The Minnesota Twins are 14-20 and running out of patience with Simeon Woods Richardson.
The 25-year-old right-hander took the loss Friday night in a 7-3 defeat to the Toronto Blue Jays at Target Field, falling to 0-5 on the season with a 6.49 ERA through 34 2/3 innings.
Woods Richardson lasted just 4 2/3 innings, giving up nine hits and four earned runs while striking out only two.
Kazuma Okamoto went deep twice off him, and the Blue Jays were on him from the second inning on.
The Twins have now lost six of his seven starts this season.
The Splitter Problem
After the game, Twins manager Derek Shelton zeroed in on Woods Richardson's splitter and the way hitters have been squaring it up with ease lately.
"It's strange. And I think it's more execution and more location," Shelton said. "When that split is down, he gets swing and miss, he gets soft contact, but when it stays up and in the middle of the plate... we're seeing the results on it of the location of it."
Shelton also added that the home runs both came in deficit counts on pitches left in the middle of the plate, and said the staff needs to continue executing better.
Friday was a perfect example of the problem.
Blue Jays hitters swung at 14 of Woods Richardson's splitters and didn't whiff on a single one, collecting three hits off the pitch.
That same splitter looked like a legitimate weapon earlier this season, especially during a strong outing against the Yankees when it generated eight swinging strikes.
Over the past few weeks, though, that version of the pitch has vanished.
Woods Richardson even acknowledged after the game that hitters are sitting on the splitter now, saying that if it's a good pitch, why wouldn't they.
What Happens Next
Here's where it gets complicated.
Woods Richardson is out of minor league options, so the Twins can't just ship him to Triple-A St. Paul the way they have in previous years.
If they put him on waivers, another team could scoop him up and Minnesota loses him for nothing.
So they're stuck, at least for the time being.
Mick Abel is expected back from injury sometime this month, and once he's ready, the Twins could move Woods Richardson out of the rotation without needing a waiver move.

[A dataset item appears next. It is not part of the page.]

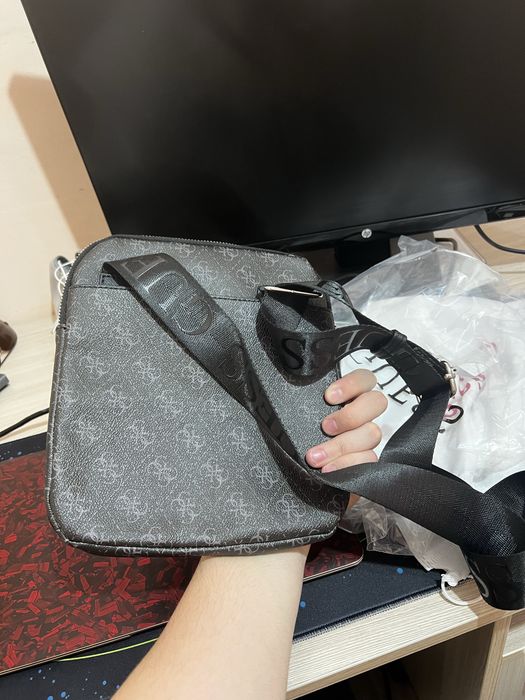 Барсетка Guess новая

Until Abel returns, Shelton and the coaching staff are going to keep handing the ball to Woods Richardson and hoping the splitter location tightens up before his next outing.
Opposing hitters are batting .311 against him this season, and his 17 strikeouts across 34 2/3 innings paint a clear picture of a pitcher who is simply not missing bats.
The Twins need something from him if they want to stay in the conversation in the AL Central, but every start is making that harder to believe in.